The Dean said he would call me back.
Published by
Amy under
Disability Stuff,
Medical School on
August 27, 2007
October 4th 2007…a big day in the life of the elf. I turn 23 and I go off my parents’ insurance. I went to the student services office today and picked up packet on the school’s policy. I read through the manual and the more I read, the more I realize that this policy was designed for white males who run marathons, are single and have never been sick a day in their lives. Then I come to the exclusions, limitations part which included something like 30 points. You can’t get birth control pills, can’t get physical therapy (in less you have been hospitalized), can’t get glasses, hearing aides and the big kicker…the policy doesn’t cover cogential conditions in less the person is an infant. Well holy heck.

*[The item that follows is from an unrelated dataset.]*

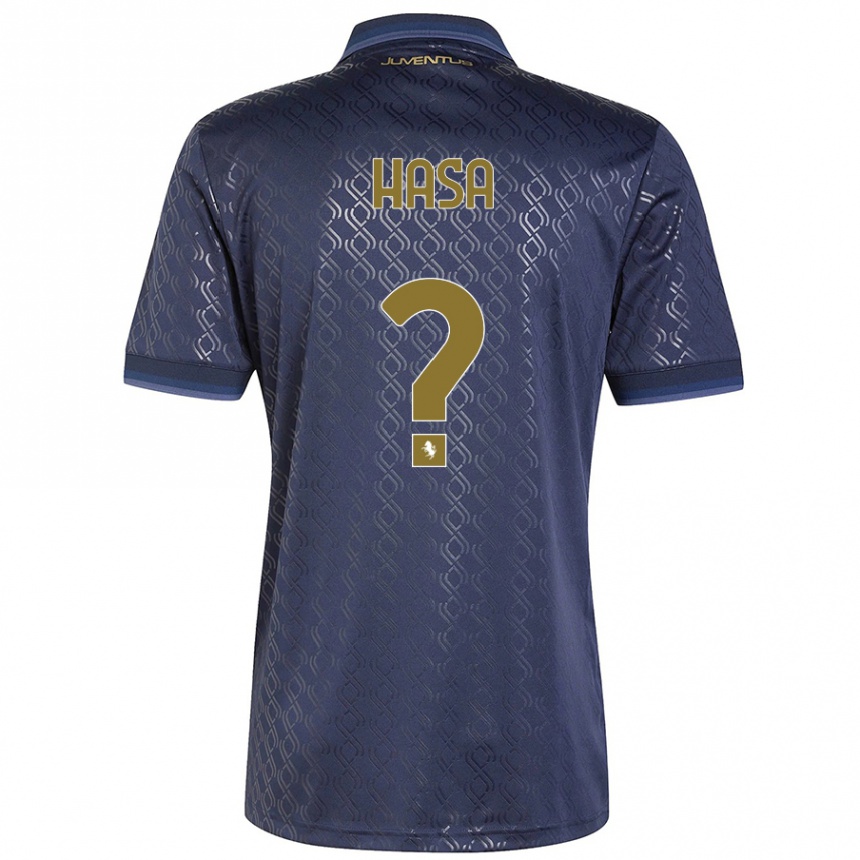 Hombre Fútbol Camiseta Luis Hasa #0 Azul Marino Equipación Tercera 2024/25 Perú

I only go to the doctor for my freaking congenital condition. Do they think mutants just don’t live past infant-hood? I was sitting in the eye doctors’ chair as I read this manual getting my annual retina check. And I realize yep not covered. Orthopedist…not covered in less I BREAK something. No yearly x-rays, no yearly check ups. No bone density tests. By the time I left I was mad, dilated (my eyes) and terrified. I called my parents and my mom swears she has proof that I have had insurance since I was in the womb. And that will be enough. Wake insurance guru sort of gave me a half blank stare, half shrug when I asked her about it. Well I don’t know we never had anyone in that situation.
by the way the policy does cover EtOH and Drug rehab….

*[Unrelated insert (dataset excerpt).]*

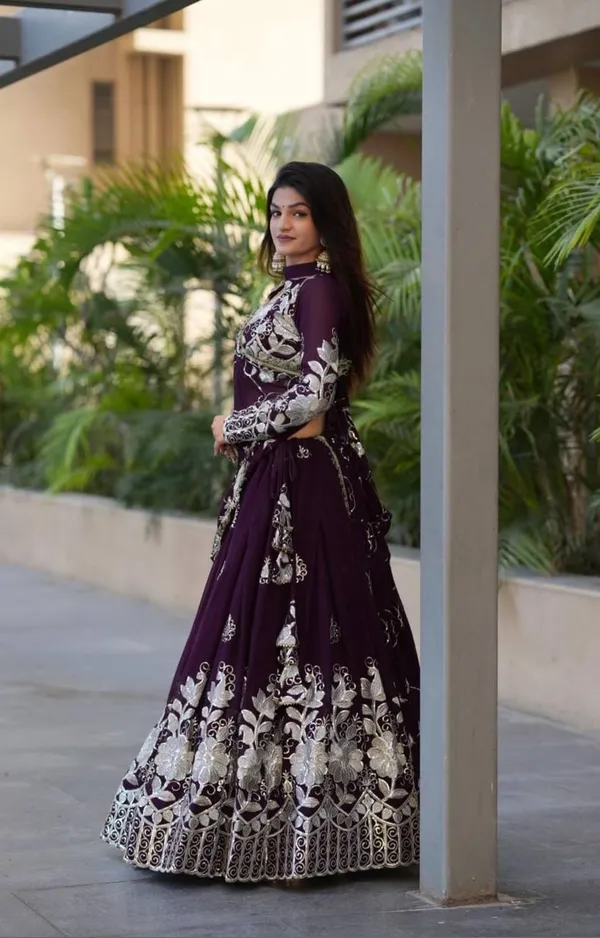 Regal_Wine_Embroidered_Georgette_Party_Wear_Lehenga_Choli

Please explain to me why people who have made questionably wrong decisions that may have contributed to their health problem get coverage for their treatment yet my people who had no choice in our health problems don’t get treated.
ugh.
Published by
Amy under
Disability Stuff,
General,
Romania on
August 23, 2007
15 minutes is the average time an American primary care physician spends with each patient. In the 2/3rds world where doctors are scare the average time is even less. In 15 minutes you can feed a child and they can actually savor their food. In 15 minutes you can wash your car. In 15 minutes you can bath a child even if they are covered in feces. In 15 minutes you can read the book of Philippians. In 15 minutes you can teach a child to make eye contact with another human being. In 15 minutes you can clean out your e-mail inbox. In 15 minutes you can sing a child to sleep. In 15 minutes you can cook dinner. In 15 minutes you can help a toddler take their first steps. In 15 minutes you can swim 10-20 laps. In 15 minutes you can give an infant a massage that can stimulate brain development. In 15 minutes you can clean your room. In 15 minutes you can teach a child to say your name. In 15 minutes you can land a airplane. In 15 minutes you can teach a child to sing a new song. In 15 minutes you can watch half a TV show. In 15 minutes you can make a child feel safe and secure just by holding their hand. In 15 minutes you can read a chapter of a book. And in 15 minutes, an ophthalmologist can correct primary congenital glaucoma and give a child sight.
Aurel (a Romanian child who I worked with this summer) has PCG too advanced now for surgery. And I cried for 15 minutes when I found out simple it is to correct. The procedure is available in Bucharest. The reason he didn’t get was because he was abandoned and there was no one to take him to the eye doctor.
15 minutes of your life, 15 minutes of your time, if you could do anything what you do?